WHAT YOU HAVE TO DO
From the records, report how many lines hold the word "Book", with the number as the sole reply.

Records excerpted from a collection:

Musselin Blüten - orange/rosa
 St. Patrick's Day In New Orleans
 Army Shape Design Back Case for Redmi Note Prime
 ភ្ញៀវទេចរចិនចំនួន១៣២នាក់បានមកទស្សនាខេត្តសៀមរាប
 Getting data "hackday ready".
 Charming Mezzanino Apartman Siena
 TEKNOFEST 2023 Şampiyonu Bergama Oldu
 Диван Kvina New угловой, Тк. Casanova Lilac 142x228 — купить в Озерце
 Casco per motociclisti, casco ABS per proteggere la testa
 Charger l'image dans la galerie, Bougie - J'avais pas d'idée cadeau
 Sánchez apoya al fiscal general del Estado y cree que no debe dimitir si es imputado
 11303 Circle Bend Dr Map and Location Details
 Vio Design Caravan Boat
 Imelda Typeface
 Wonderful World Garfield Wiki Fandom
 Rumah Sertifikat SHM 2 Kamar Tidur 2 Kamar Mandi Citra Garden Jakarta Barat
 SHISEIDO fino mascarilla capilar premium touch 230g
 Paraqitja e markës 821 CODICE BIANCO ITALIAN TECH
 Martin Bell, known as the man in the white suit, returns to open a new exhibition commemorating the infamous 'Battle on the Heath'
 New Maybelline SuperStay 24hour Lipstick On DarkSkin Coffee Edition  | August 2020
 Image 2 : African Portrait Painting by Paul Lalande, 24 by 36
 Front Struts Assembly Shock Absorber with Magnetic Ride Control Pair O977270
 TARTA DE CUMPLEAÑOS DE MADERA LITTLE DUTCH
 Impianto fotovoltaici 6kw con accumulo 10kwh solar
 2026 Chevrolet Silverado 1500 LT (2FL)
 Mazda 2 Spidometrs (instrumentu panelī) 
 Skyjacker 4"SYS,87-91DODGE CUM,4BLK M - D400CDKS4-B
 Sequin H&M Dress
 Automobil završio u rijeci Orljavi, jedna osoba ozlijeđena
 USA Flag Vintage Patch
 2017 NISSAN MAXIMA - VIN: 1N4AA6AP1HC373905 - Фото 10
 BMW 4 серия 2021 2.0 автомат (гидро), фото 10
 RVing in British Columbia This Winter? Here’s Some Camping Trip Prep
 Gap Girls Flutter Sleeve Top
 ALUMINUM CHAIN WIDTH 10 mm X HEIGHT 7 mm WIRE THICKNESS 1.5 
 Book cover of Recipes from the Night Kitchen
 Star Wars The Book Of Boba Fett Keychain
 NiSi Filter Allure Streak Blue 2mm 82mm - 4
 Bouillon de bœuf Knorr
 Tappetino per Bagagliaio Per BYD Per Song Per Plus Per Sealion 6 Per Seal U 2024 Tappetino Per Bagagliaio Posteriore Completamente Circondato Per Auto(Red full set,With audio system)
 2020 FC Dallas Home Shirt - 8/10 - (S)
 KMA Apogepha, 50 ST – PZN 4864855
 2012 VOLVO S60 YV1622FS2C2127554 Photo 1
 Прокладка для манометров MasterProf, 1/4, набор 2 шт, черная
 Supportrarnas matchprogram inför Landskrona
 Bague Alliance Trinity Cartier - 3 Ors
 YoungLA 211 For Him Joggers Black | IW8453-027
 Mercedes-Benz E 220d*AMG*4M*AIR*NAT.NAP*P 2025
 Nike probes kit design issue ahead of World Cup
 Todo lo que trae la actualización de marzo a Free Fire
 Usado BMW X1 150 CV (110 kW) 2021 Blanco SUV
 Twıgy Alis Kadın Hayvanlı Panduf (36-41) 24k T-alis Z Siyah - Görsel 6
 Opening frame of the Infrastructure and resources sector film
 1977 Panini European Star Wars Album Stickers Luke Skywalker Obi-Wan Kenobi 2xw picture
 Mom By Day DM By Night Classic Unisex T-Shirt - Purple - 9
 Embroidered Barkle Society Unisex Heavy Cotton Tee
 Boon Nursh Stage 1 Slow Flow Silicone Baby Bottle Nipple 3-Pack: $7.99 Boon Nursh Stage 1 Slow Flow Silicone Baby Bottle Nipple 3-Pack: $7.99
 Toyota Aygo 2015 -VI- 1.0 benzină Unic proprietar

REPLY
2